I came to Lamar University in the fall of 2001 as the department chair of electrical engineering. I have taught many students from LU over the years and have seen many excellent electrical engineers emerge from the program. LU has been a great place to do research and teach and I have had a great deal of productivity while here.
I hold the William B. and Mary G. Mitchell Endowed Chair in Telecommunications. The Mitchells, aside from endowing my chair, are very special to me and they are truly champions of Lamar because they personify the strength of the Lamar experience and how it can take people to undreamed of success and achievement.
I am the first engineering faculty member to receive a Fulbright Grant and I have had two. Both of them involved engineering education and I spent them in Tunis, Tunisia at ESPRIT, the Ecole Supérieure Privée d'Ingénierie et de Technologies, a private engineering university. I truly enjoyed working with the faculty and students at ESPRIT and we forged strong friendships that endure to this day.
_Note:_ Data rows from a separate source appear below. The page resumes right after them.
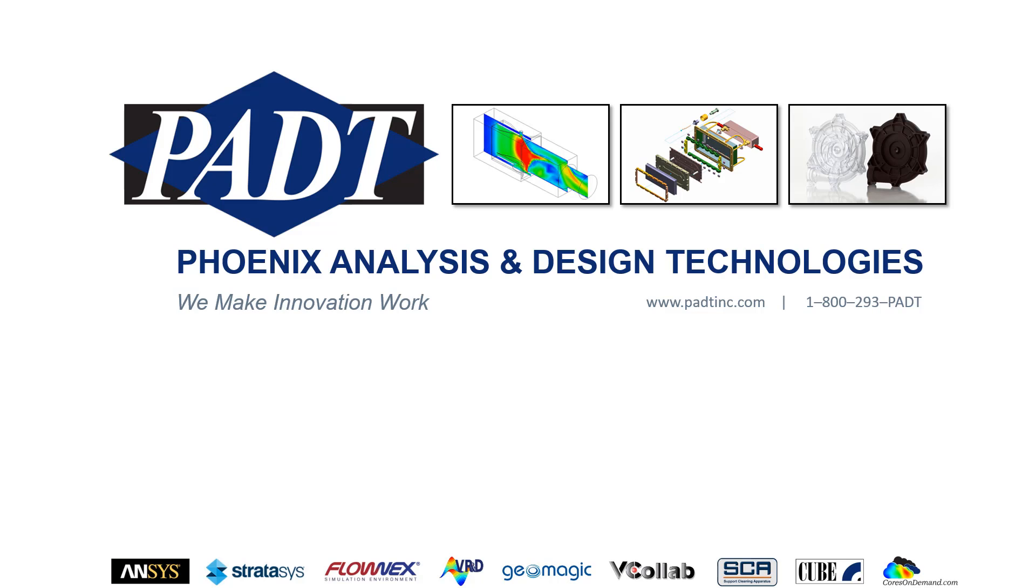Welcome to PADT, Phoenix Analysis and Design Technologies, where we make innovation work through simulation, product development, and rapid prototyping.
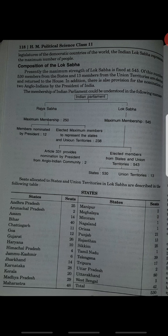Composition of Lok Sabha: the total strength is 545. Out of this, 530 members are from the states and 13 members are from the union territories. In addition, there is also a provision for nomination of two Anglo-Indians by the President of India.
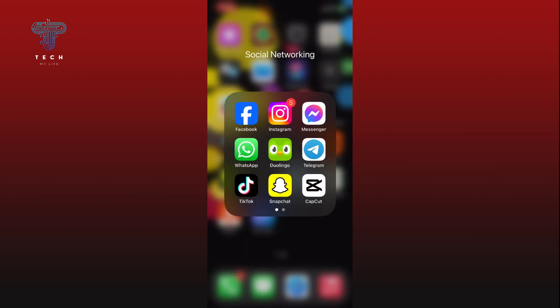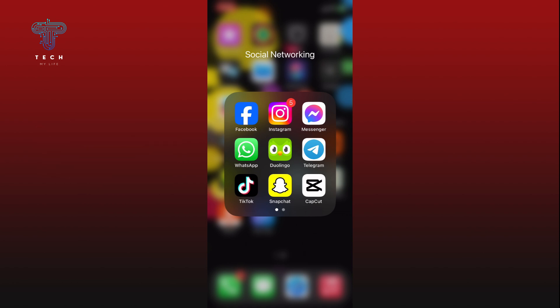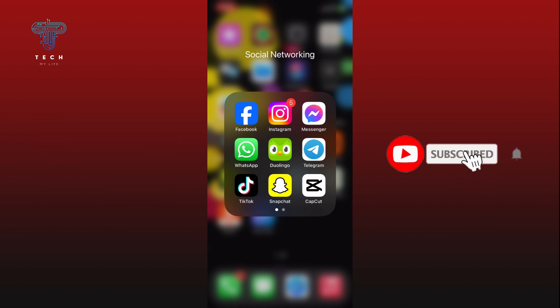Thank you for watching Tech My Life. Hope this video was helpful — if it was, hit the like button and comment down if you have any questions or feedback. Also, if you are new to our channel, please subscribe and hit the bell icon so that you won't miss our upcoming videos.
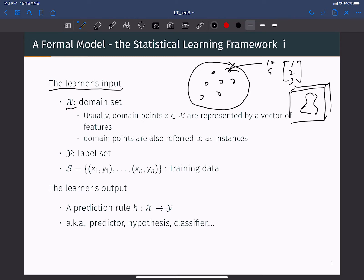Input domain points can be multi-dimensional matrices or tensors. In a supervised learning setting, there is also a label set, where each instance has a true output label y. The input domain set and the label set together define the learner's input. We denote by S the total set of input-label pairs, where each instance x_i has a corresponding label y_i. With n training data points, we have pairs (x1, y1), (x2, y2), up to (x_n, y_n).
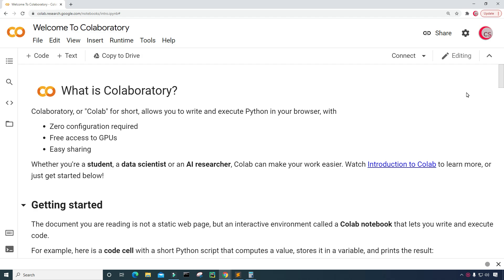Hello everyone and welcome to this video on the Python programming language. In this video, I will attempt to build a Dogecoin profit calculator. Before we begin, if you like the videos on the channel, be sure to click the subscribe button and the like button, and to be notified about new videos hit that bell notification.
I invented the first two patents in Lamar Universities’ patent portfolio. I take great pride in that accomplishment and continue to promote innovation, product development and commercialization at LU.
I take being a professor, a creator of knowledge, very seriously. It has not been so much a career for me as a way of life. My goal is to move the discipline of electrical engineering forward and a big part of that is the production of new electrical engineers who will take up the torch, so to speak, and be productive members of society. Lamar students are very special to me and even in the short time I have been at the university so many have gone on to do great things. I am very proud that I was able to be a part of their education and I delight in watching my students succeed.